Venezuela’s leader offers a more inclusive meeting of the Americas instead
Venezuelan President Nicolas Maduro has praised his Mexican counterpart Andres Manuel Lopez Obrador for skipping the ongoing US-led ‘Summit of the Americas’. Maduro, who was not invited to the event in Los Angeles, has suggested a more inclusive gathering with US President Joe Biden “as a guest”.
On Monday, Lopez Obrador confirmed he would not attend the gathering after Washington refused to host the left-leaning leaders of Nicaragua, Venezuela and Cuba.
During a parliament address later in the day, Maduro said “we express our admiration for the clarity and courage of the President of Mexico”.
Maduro also supported Lopez Obrador’s calls to “leave the world of sanctions, blockades, exclusions and discrimination coming from the US.”
“Unfortunately, it is the US government itself that has punctured the so-called summit, which has already made that summit fail,” the Venezuelan leader said. In his view, “it has no agenda, it has no theme, it has no decision points, it has nothing to link that meeting to the problems and issues of interest and priority of the people of the Americas.”
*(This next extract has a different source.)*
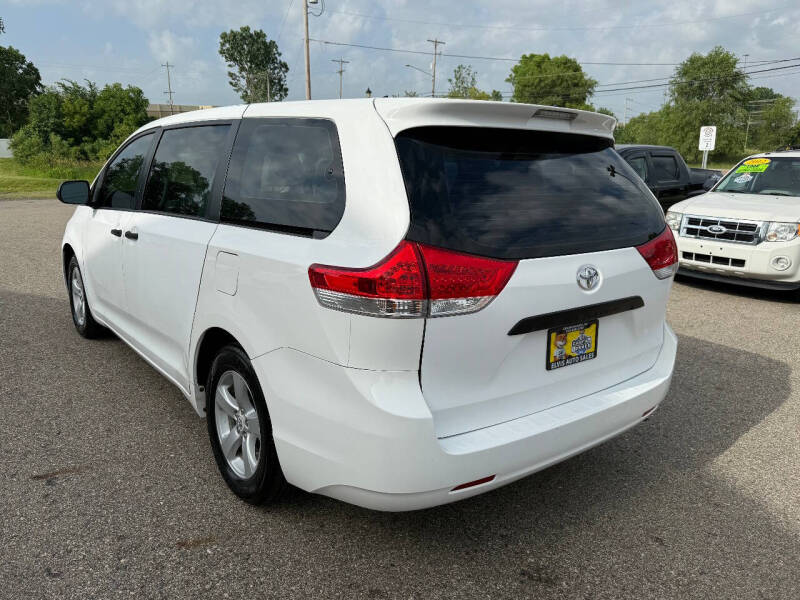 2011 Toyota Sienna Base 7-Passenger
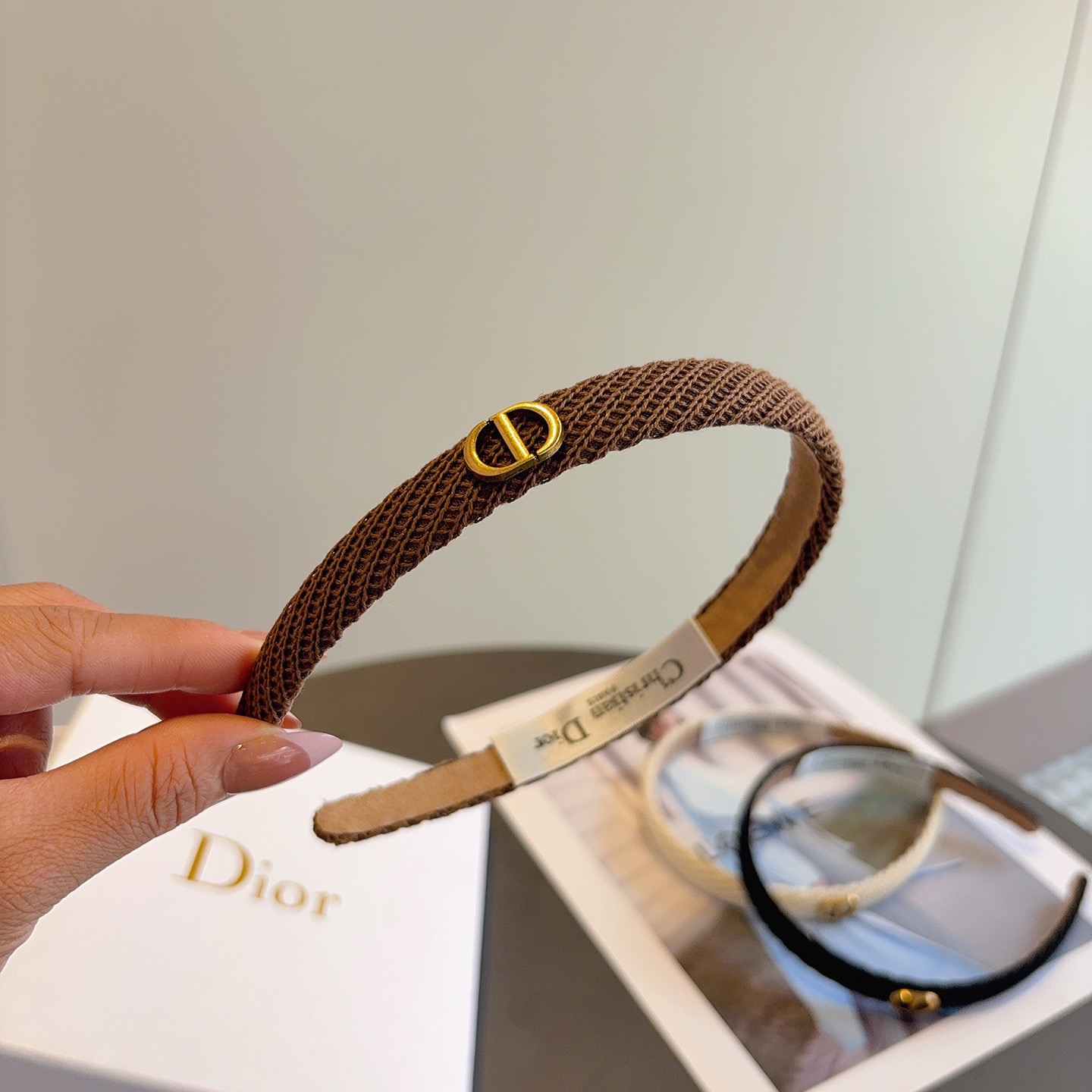 配包装Dior（迪奥）针织毛线新品小清新字母发箍，佩戴舒适无压力，造型搭配必备！时尚外出百搭款发饰！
Maduro also stated that despite his country not being present at the summit, Venezuela’s interests would still be represented by Argentine President Alberto Fernandez who is said to bring the voices of Latin America and the Caribbean to the meeting.
“President Fernandez is a brave man, who defends what he believes in; and he is against exclusion,” added Maduro.
The Venezuelan leader then offered to host “sooner rather than later” a meeting of the Community of Latin American and Caribbean States (CELAC).
“It will have to be CELAC, President Alberto Fernandez, it will have to be the Community of Latin American States, chaired by you, [that] convenes, with an agenda of priority issues of maximum interest to our people… where the 33 countries of Latin America and the Caribbean will convene and President Joe Biden is invited,” he said.
Mexico’s president said that he would be sending Foreign Secretary Marcelo Ebrard to the summit in Los Angeles, which started Monday and is set to run through June 10. The announcement comes despite an earlier warning that he would pull out of the gathering unless all countries in the region were permitted to attend.
Other Latin American leaders have also decided to skip the summit, such as Honduran President Xiomara Castro, Bolivian President Luis Arce and Guatemala’s Alejandro Giammattei.